Sunday 18 September 2011

The anatomy of phobias.

The learning theory states that phobias become ingrained due to conditioning experiences, you know, like Pavlov’s dog. A bell was rung and the dog was given food. The dog associated the bell with food. This was continually reinforced, till the dog began to anticipate the food. Each time the bell rang, the dog began to salivate. It learnt the association. This is one of the myriad of theories that tries to explain how we develop phobias. A case in point...I am scared of spiders. When I was about 19, a spider put its little spidery leg in my mouth as I slept. It took a few seconds for me to wake up, but I never forgot the absolute horror I felt at almost swallowing a stupid spider. Oh, it wasn’t a daddy-long legs, it was one those more robust beasts, slightly hairy too. An association started to form, and what followed was a state of research...I googled all circumstances in which spiders had killed people. I re-watched arachnophobia, and then I became hyper-vigilant. I would spot spiders that were running away from me, trying to hide. I would chase them down into dark tunnels and deserted rooms, just so I could point out the spider. And then I would be scared. I would return to hiding, shaking in a corner, because I had spotted a spider. I graduated from this ‘vigilante’ state to an avoidance state. So if I had spotted a spider somewhere innocuous at any point in the past, it would be an excuse not to go to that place. I would avoid rooms in the house, certain shoes that looked like they could hide spiders (don’t ask me what that looks like; you’ll know it when you see it) and generally putting my feet on the floor. My simple fear was starting to resemble a phobia. It’s better now, though I still occasionally conjure up spidery images...and scare myself silly though there’s nothing there.

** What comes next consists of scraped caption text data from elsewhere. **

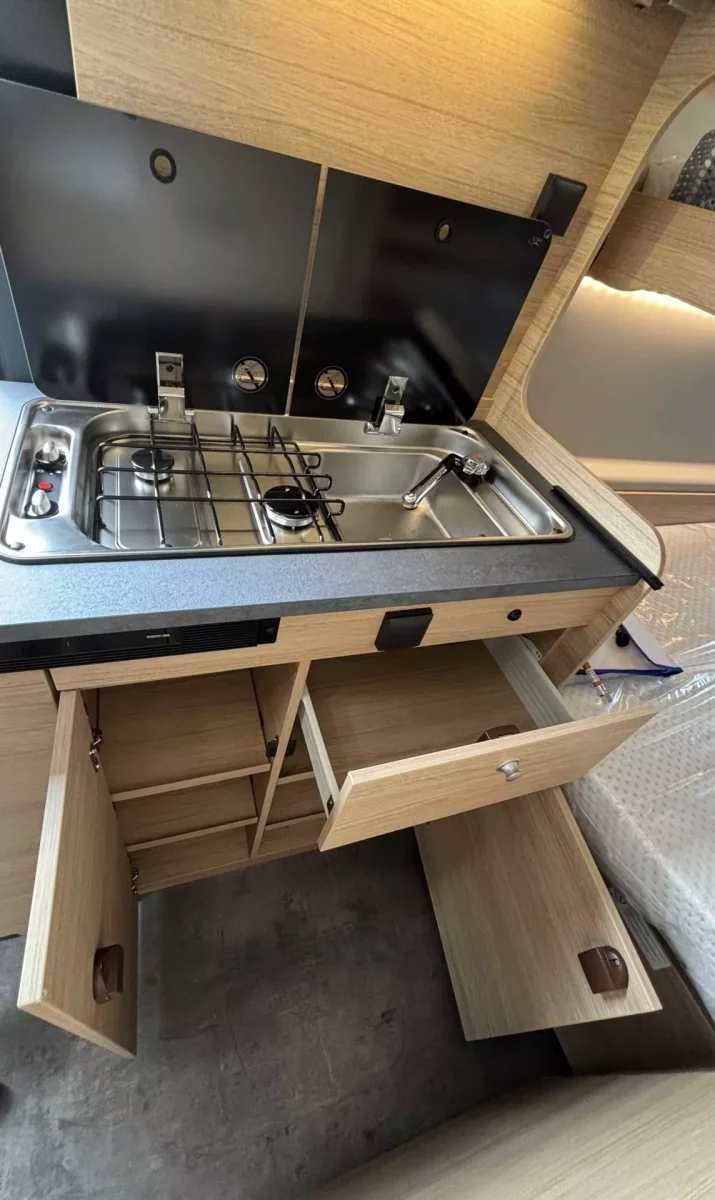 Furgoneta camper de alquiler Pössl Roadcar 601R - Imagen 9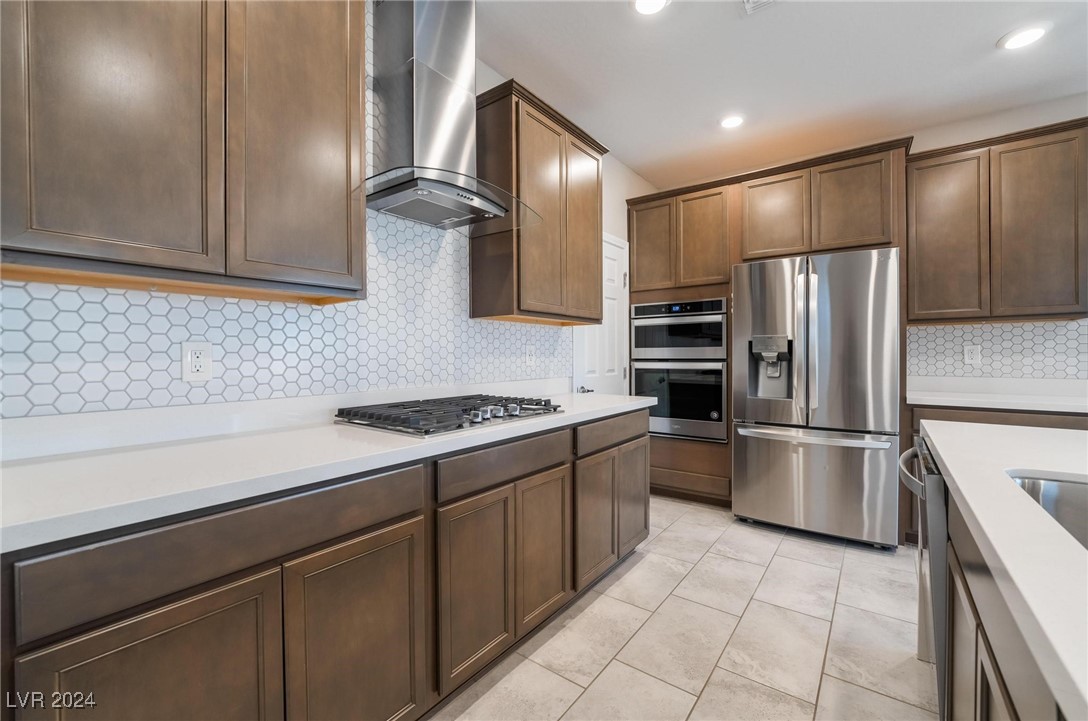 4154 Elegant Chateau Street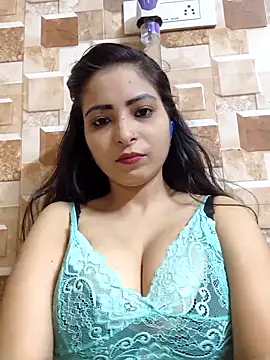 QUEEN-ADITI online show from 09/14/25, 01:11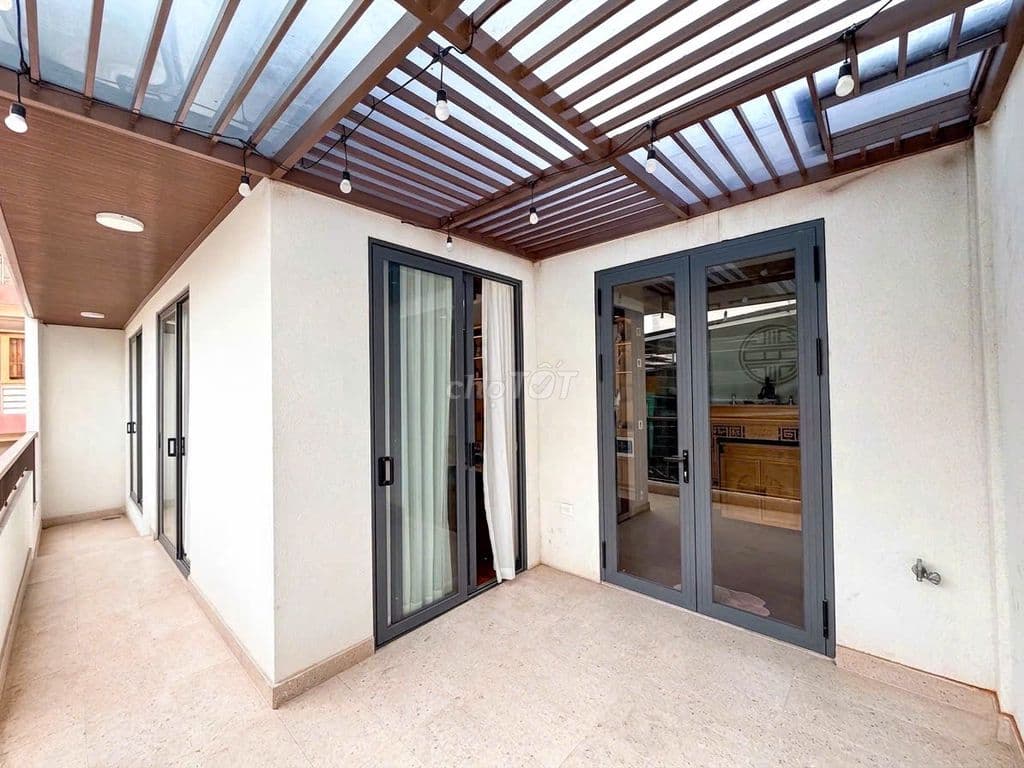 VILLA QUẬN 10- NGANG 10M- FULL NỘI THẤT CAO CẤP- SÁT MT- NHỈNH 8 TỶ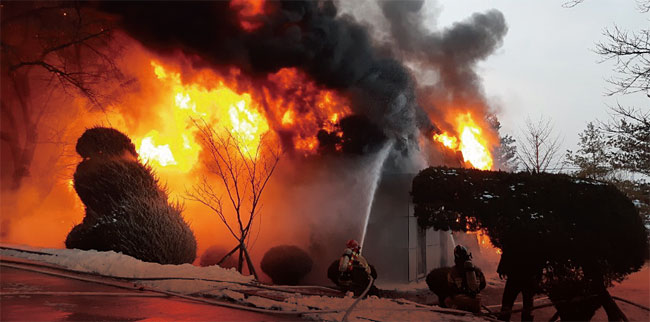 지난해 12월 17일 오전 충북 제천시 아세아시멘트 공장에 있는 ESS에 화재가 발생해 41억원의 재산 피해가 났다. ⓒphoto 연합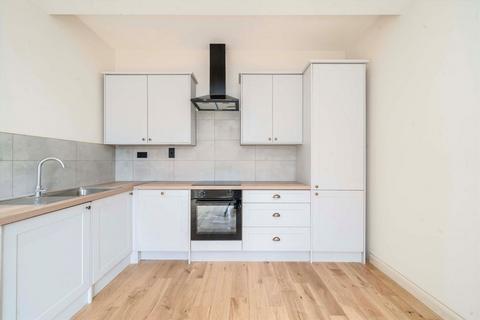 1 bedroom flat for sale, Avenue Gardens, London W3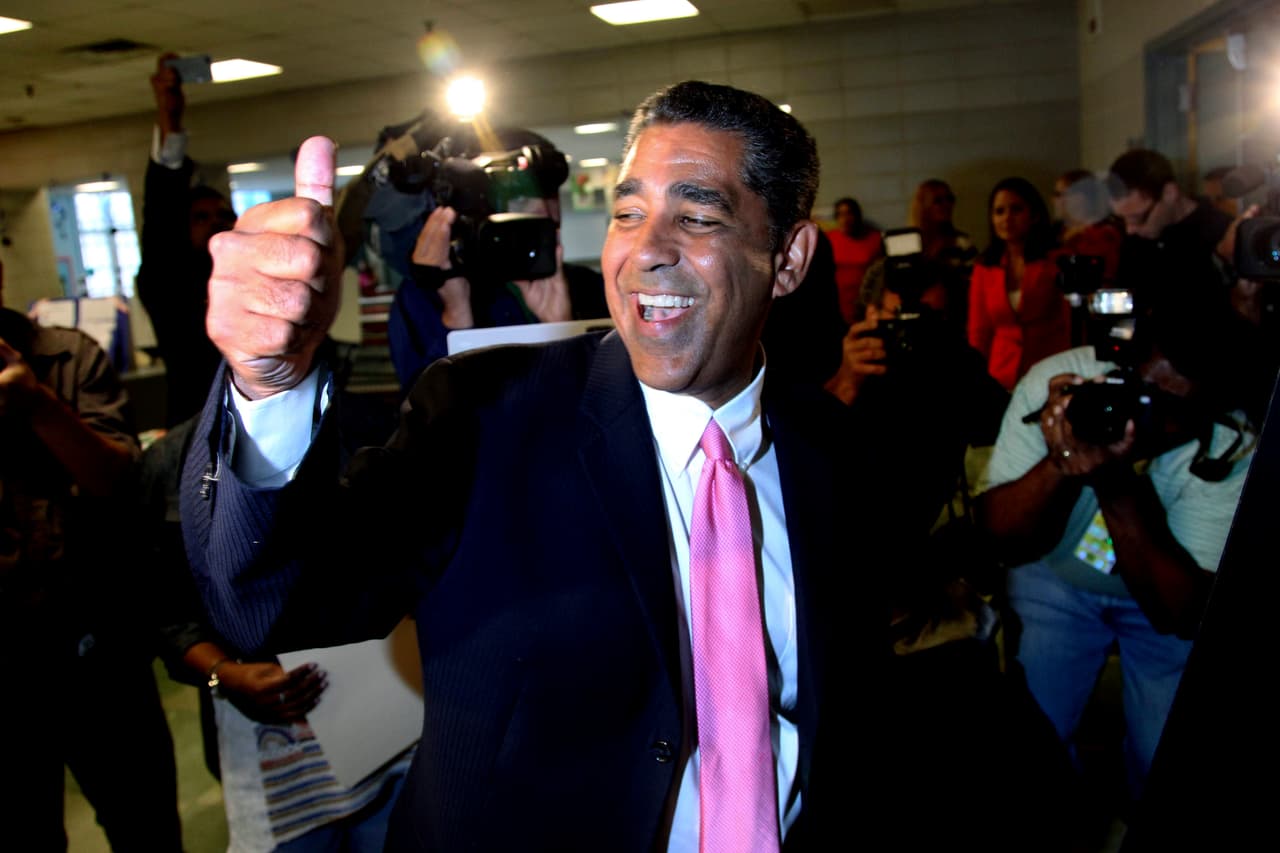 <b>Adriano Espaillat. Distrito 13, Nueva York.</b> Ocupa el cargo desde 2013 y fue senador estatal y miembro de la Asamblea del Estado de Nueva York. Nació en 1954 en Santiago, República Dominicana, y es bisnieto del expresidente dominicano Ulises Espaillat. Fue inmigrante indocumentado, es demócrata y su distrito, el más pequeño del país, es densamente poblado, ocupa parte del alto Manhattan y del este del Bronx.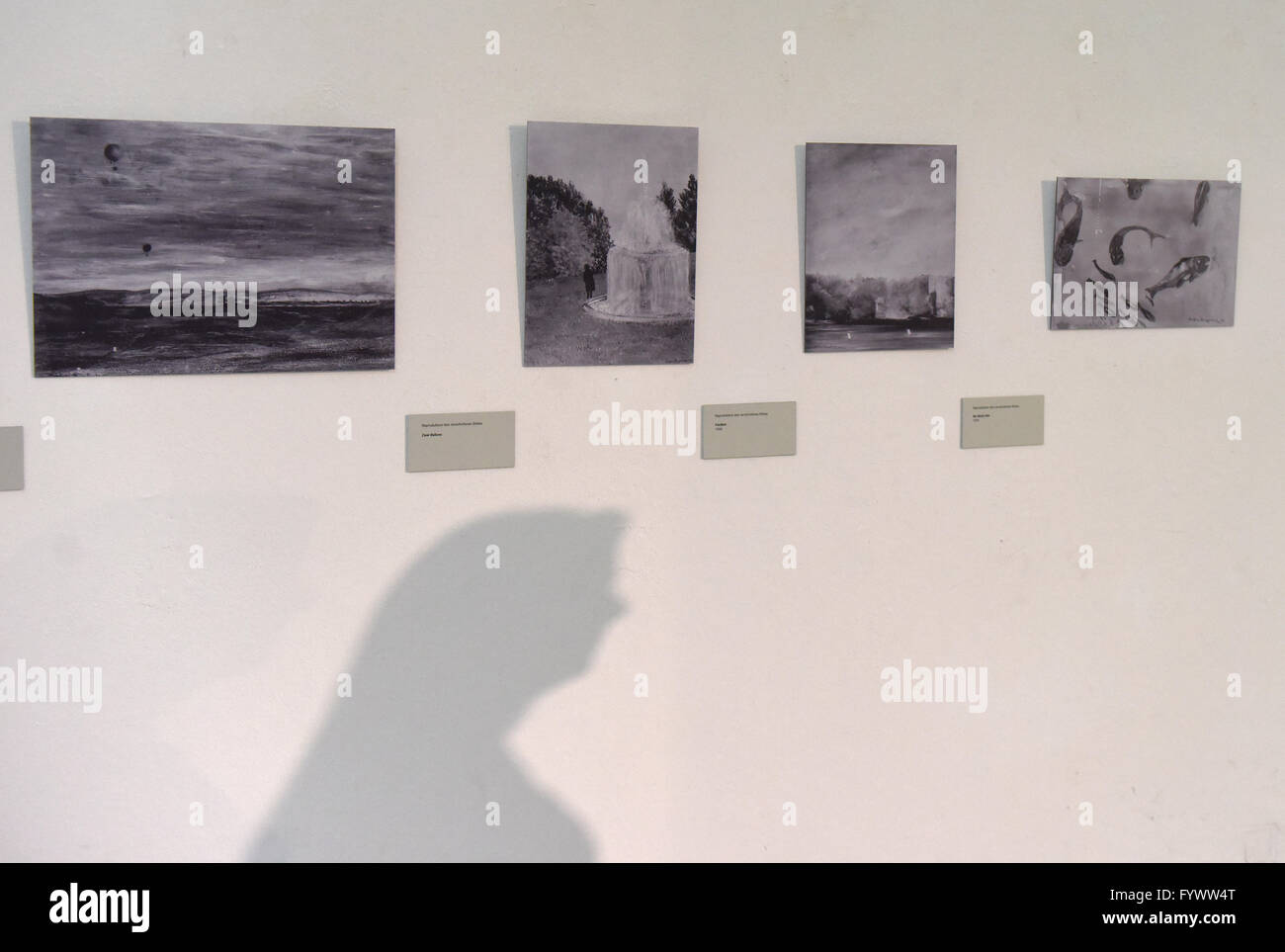Solingen, Allemagne. Apr 27, 2016. Un visiteur jette une ombre de reproductions de peintures de perdu peintre et poète Joachim Ringelnatz Solingen dans le musée d'Art à Solingen, Allemagne, 27 avril 2016. Dans l'une des plus vastes rétrospectives, le musée est montrant des images du poète, dont les livres ont été interdits par les Nazis. Photo : CAROLINE SEIDEL/dpa/Alamy Live News Banque D'Images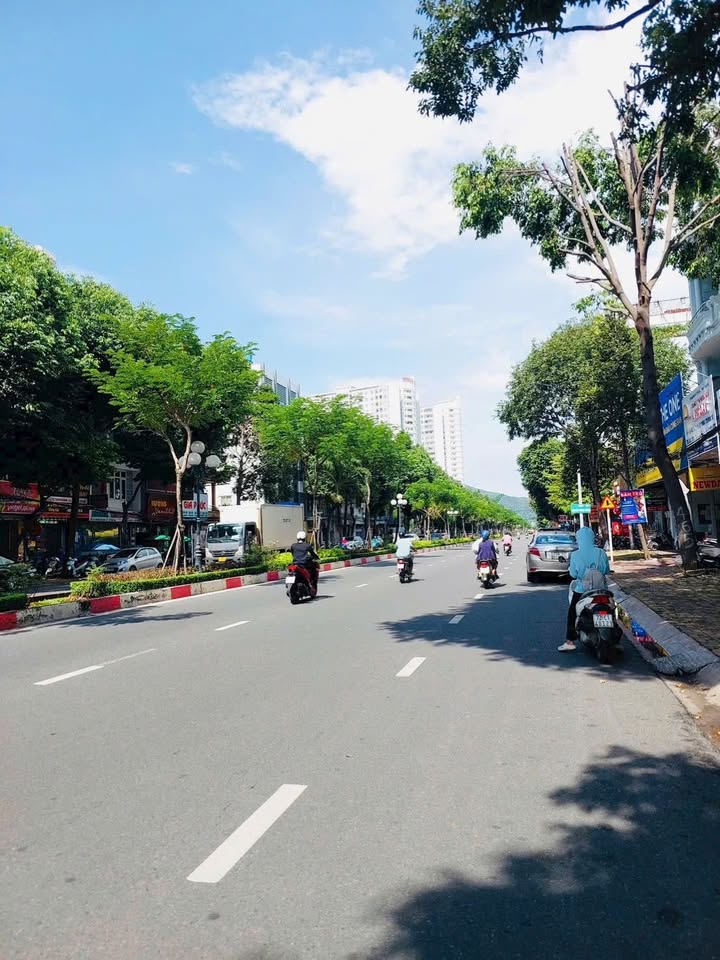 Bán nhà mặt tiền Nguyễn An Ninh, Vũng Tàu, ngang 8m, 117m2, 18,5 tỷ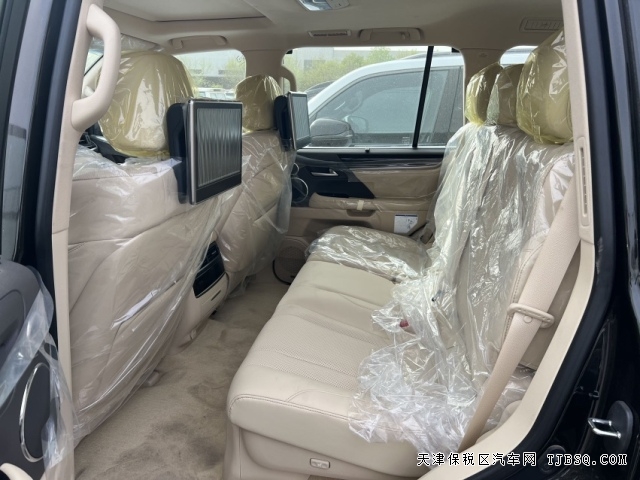 低調(diào)大哥座駕中東限量S雷克薩斯LX570絕版V8港口行情怎樣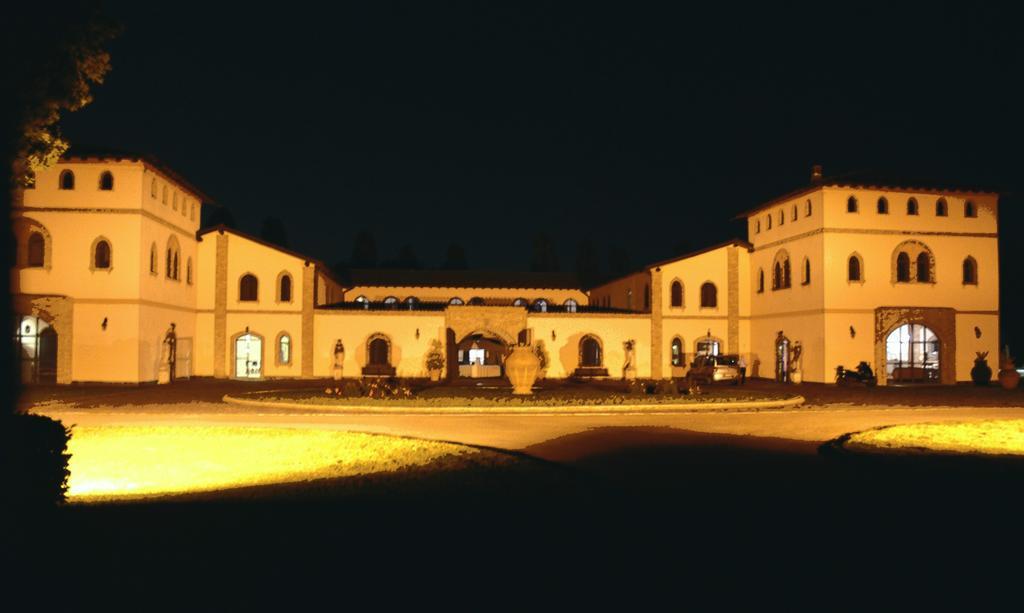 Tenuta Il Tenchio Hotel Lacchiarella ภายนอก รูปภาพ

The whole point of this pre-amble is that I started to think that perhaps there are some phobias that we need to learn, for example, the phobia of the arsehole. That guy or girl that uses you for even less than your worth, and then tosses you away like a bit of 1 ply toilet paper, not even recyclable. You need to make a point to remember these people, to research their characters and whatever the hell it is that attracts you to that damage and then become hyper-vigilant, looking for said associations (character and behaviour). Then you need to develop the old avoidance techniques. Run like the plague is chasing you after lopping off Bolt’s pins and attaching them to its own body. Run very very very fast in the opposite compass direction. Keep running till the person is now a dot behind you, and then run some more.

If it works, you’ll become phobic of rubbish, and might spare yourself quite a lot of nonsense. I’ll let you know how it works for me. At first glance though, I feel its failsafe. In fact, I feel I might be able to extrapolate this to my fear of Facebook, limited intelligence, rubbish jobs etc. I am getting really excited about the prospects now...

In other news, I’ll be home in like 5 days. There is a God after all.